Stock Android has offered full device encryption abilities to users since Honeycomb (Android 3.0). One of the problems with the stock implementation of full device encryption on Android, however, is the fact that it forces you to set the same password to both decrypt the device on boot and to unlock the lock screen. This leads to a couple of different problems, especially if you check your phone regularly. As a couple of articles, such as this, pointed that out the users were more likely to choose weak pass phrases as a result, given the amount of effort that would be required to unlock their phones each time.
However, if you have a rooted device, you can easily work around this.
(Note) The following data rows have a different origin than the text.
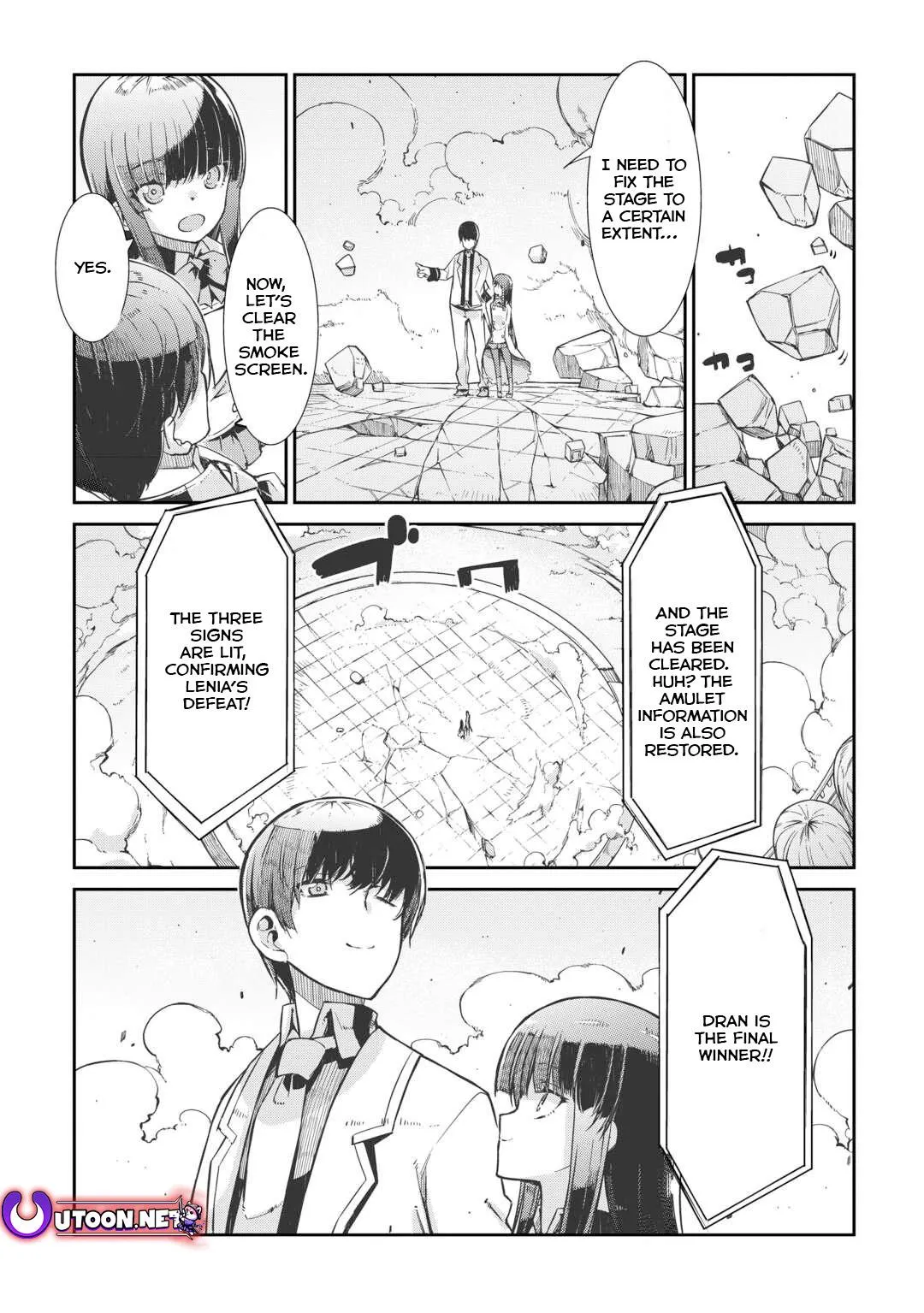 Sayounara Ryuusei, Konnichiwa Jinsei Chapter 92 - Page 25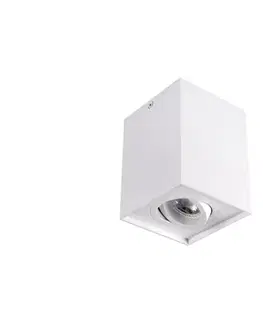 Svietidlá  25470 - Bodové svietidlo GORD 1xGU10/25W/230V biela 25470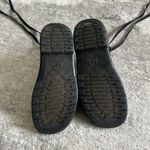 Dr. Martens Dr Doc Martens Kristina Sandals Womens 6 EU 37 Gladiator Lace Up Black Leather Photo 6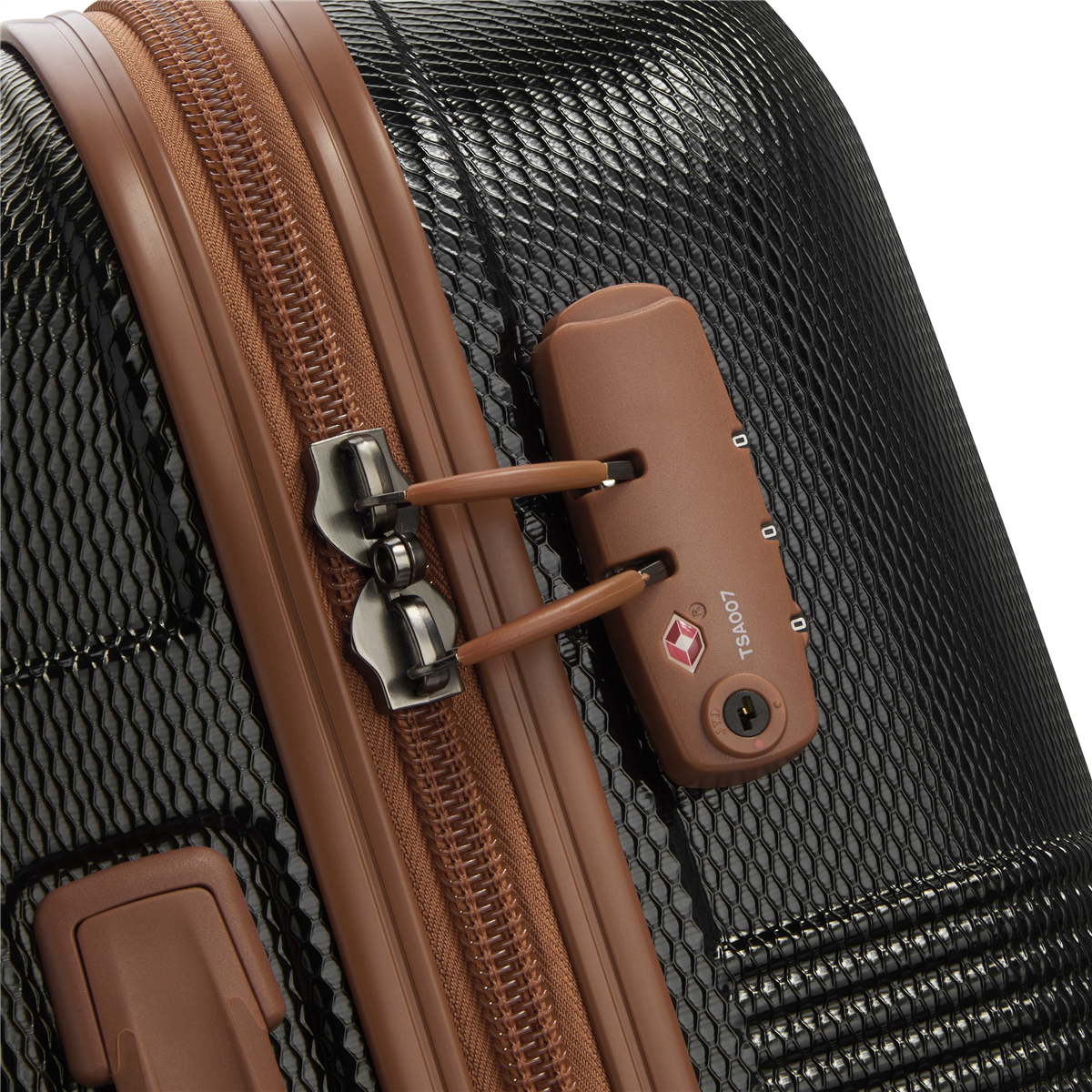 Delsey Paris Flanerie 20in. Carry-On Spinner Luggage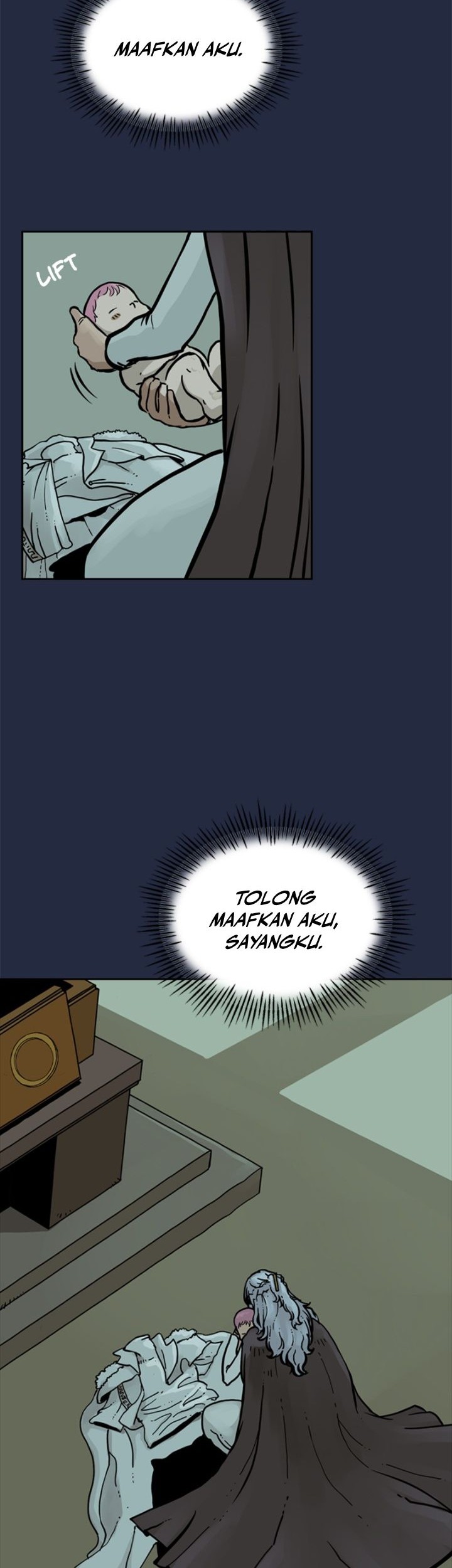 Mage Again Chapter 24 - halaman 8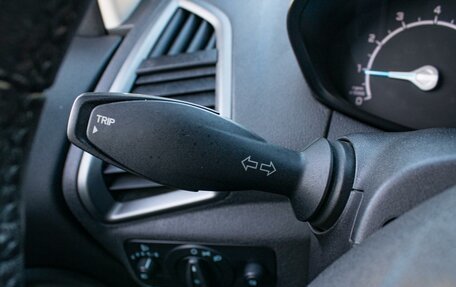 Ford EcoSport, 2017 год, 1 050 000 рублей, 20 фотография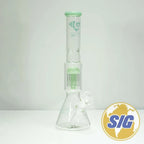 Diamond Glass King Tree Beaker |REF: DGW 1031|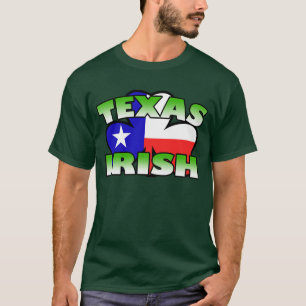Texas Irish T-shirt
All you need is the root and a way of access the shell in android (either ADB shell, or locally on the phone using a program such as ConnectBot.) If one looks at the Android Open Source Project (AOSP) documentation, however, we can see this page. It essentially tells us we can change the at-boot password after the device has been encrypted. So the basic instructions to do this is as follows:
- Set a password or PIN up in Android. (This should be the PIN you want for your lock screen access.)
- Encrypt the device normally using the option under Settings –> Security.
- Open up an Android shell (using any program like those mentioned in the preceding paragraph), and get root. (Typically with “su”).
- Run the command “vdc cryptfs changepw YOURBOOTPASSWORD”. That’s it!
- Restart your phone and you should you’ll need to use your (hopefully significantly longer) boot password to start it up. Once its running, simply use the PIN you used at the very beginning to unlock your screen.
This set-up is much better than the default stock Android situation. My next step is hopefully finding a way to automatically power off the phone after 3 failed lock attempts (so that an attacker is forced to go against a significantly stronger boot password.)